なんでも「量子影」というわけの判らない理論を使った太陽電池のようです(太陽電池の効率を66%まで高める手法、”量子影状態“の発見で可能性が開く)。ここまでひねくれた理論(笑)になると理解困難ですが、何となくイメージは掴めるので、少し説明にチャレンジしたいと思います。
以前このブログで「量子ドット」太陽電池について説明する時に、「太陽電池は一定のエネルギー以上の波長の光しか電気に変換できない」と言うことを書きました。実はこの時には説明を省略したのですが、太陽電池は「一定のエネルギー以上の波長の光」に対しても「一定のエネルギー分」しか電気に変換できません。従って、「一定のエネルギー」を超えた分のエネルギーは無駄になるわけです(下図)。
「量子影」が何か良く判りませんが、無駄になっているエネルギーを貯めて、「一定のエネルギー」以上にして発電に寄与させるもののようです。ただ、「一定のエネルギー以下の波長の光」を有効に使うのか、「一定のエネルギーを超えた部分」を有効に使うのかは良く判りません。

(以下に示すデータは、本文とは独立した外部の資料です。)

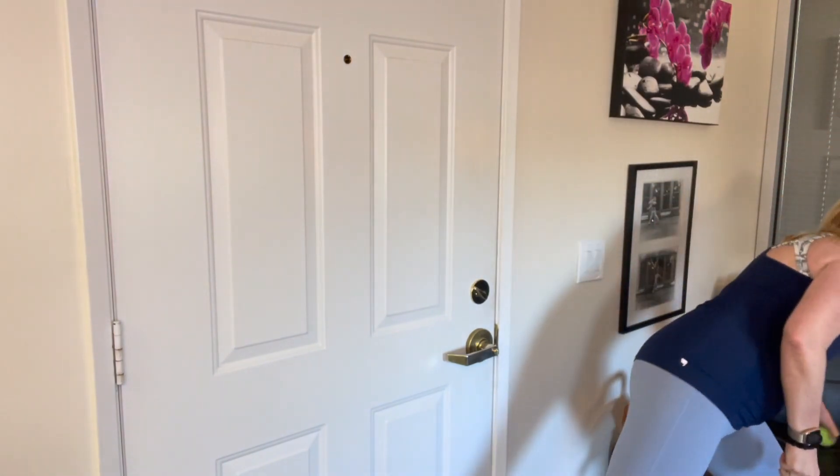So I have this fascia release ball and I'm also going to grab a tennis ball. The tennis ball is a little softer, so if you have a lot of tension and you're new, this is a great tool to use. For over 21 years, this is what I do with people — I help them feel better in their bodies.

記事を読んでいると何となく「一定のエネルギーを超えた部分」を有効に使うためのように思うのですが、それだけで変換効率66%を実現するのはかなり難しそうなので、両方に効くような気もします。
いずれにせよ、現時点で実現可能なのはフラーレンという特殊な材料を使った有機太陽電池らしいので、まだ実用には程遠いのではないかと思います。それでも「変換効率を44%まで高めることができた」とあるのは驚異的です。(ひょっとすると記者の勘違いかもしれませんが・・・。)
量子井戸、量子ドット、量子影といろいろな太陽電池が出てきました。量子と言うのは難しい言葉ですが、例えばエネルギーのような連続的に変化すると思われる量が、ミクロに見れば微量のエネルギー粒子の集合と見られることを言っていると思っておけば良いでしょう。
わけの判らない理論のためにわけの判らないことがおこるわけですが、このように有益なことも起こるところが科学の魅力ですね。
まぁ、いずれの太陽電池も未来技術で、すぐにどうと言うことではないでしょう。まだまだ科学者には頑張ってもらわなければなりません。